FIG. 3 is a block diagram showing a second embodiment of the pulse output circuit according to the present invention. In this figure, parts corresponding to those in FIG. 1 are given the same reference numerals.

The pulse output circuit shown in this figure differs from the circuit shown in FIG. 1 in that the fixed power supply 1 is on the voltage E1 side.

The power source selector switch 3 and the current limiting resistors 5 and 6 are eliminated, and the voltage output from the variable power source 2 is directly supplied to the intermediate tap of the transformer 4, and a variable capacitor 13 is provided in place of the capacitor 10. It is.

As described above, in this embodiment, a variable capacitor 13 is provided between the transformer 4 and the transmission line 11, and the value of the variable capacitor 13 is adjusted to adjust the differential amount of the pulse signal output from the transformer 4. Therefore, when the waveform of the pulse signal output from the transformer 4 is distorted by the transmission line 11, by adjusting the capacitance of the variable capacitor 13, the waveform of the pulse signal sent onto the transmission line 11 can be changed. Distortion can be corrected.

FIG. 4 is a block diagram showing a third embodiment of the pulse output circuit according to the present invention.

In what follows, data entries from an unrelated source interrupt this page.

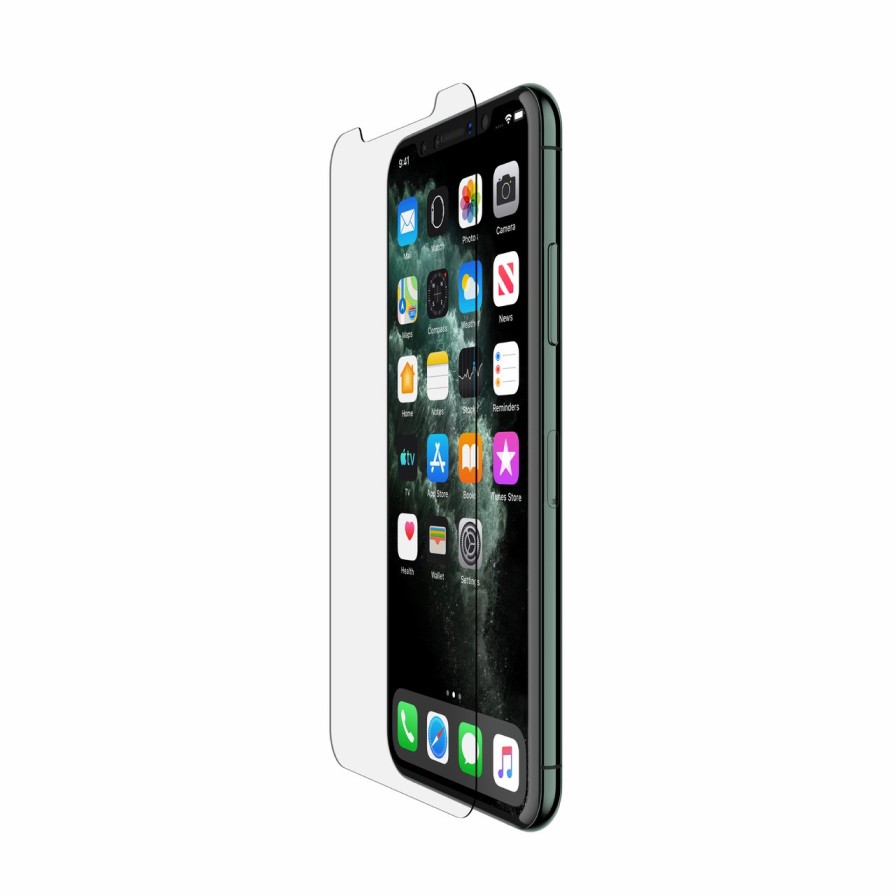 Screen Protectors Belkin | Screenforce Invisiglass Ultra Treated Screen Protector For Iphone 11 Pro / Iphone Xs / Iphone X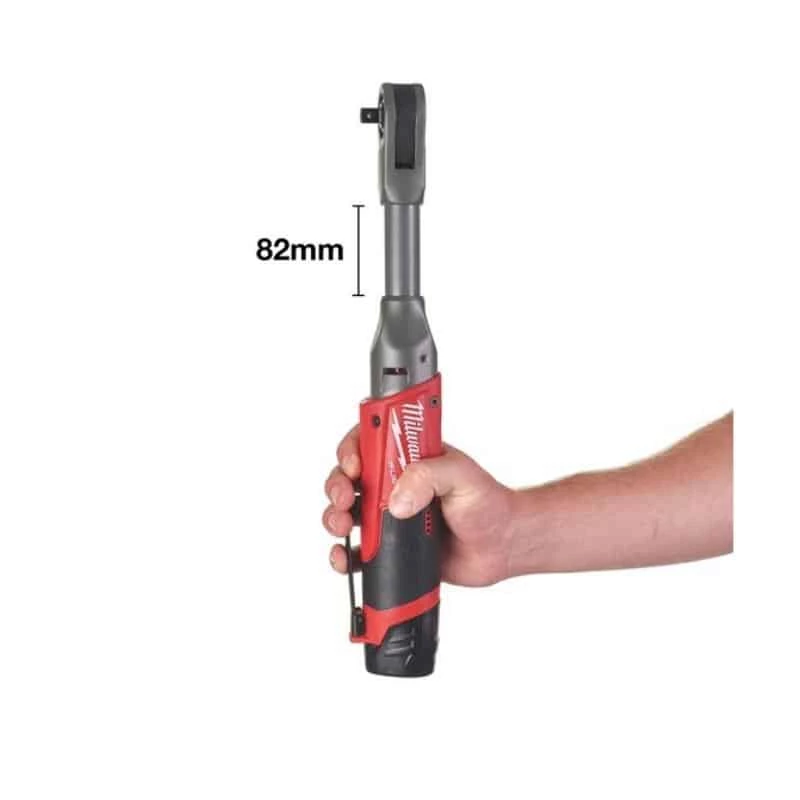 Clé De Serrage MILWAUKEE Clé à Cliquet 1/4" 12V Solo - M12 FIR14LR-0 - 4933471499 4 Clé De Serrage MILWAUKEE Clé à Cliquet 1/4" 12V Solo - M12 FIR14LR-0 - 4933471499 – Image 2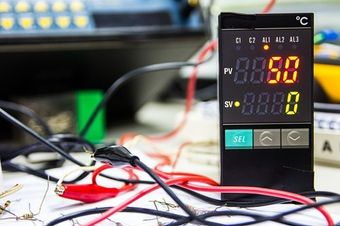 Transformer testing services being performed during an inspection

The pulse output circuit shown in this figure includes a voltage regulator 15, a fixed power supply 16, a power supply changeover switch 17, a transformer 18, a capacitor 19, and two polarity changeover switches 20.2.
1, a controller 22, and a feedback section 23, the feedback section 23 detects the output waveform, and the controller 22 switches the power supply while adjusting the voltage output from the voltage adjustment section 15 based on the detection result. switch 17
and each polarity switch 20 and 21 to generate a pulse signal with overshoot on the positive side and negative side,
This is sent to a transmission line 24 via a capacitor 19 and supplied to a resistor 25 serving as a load.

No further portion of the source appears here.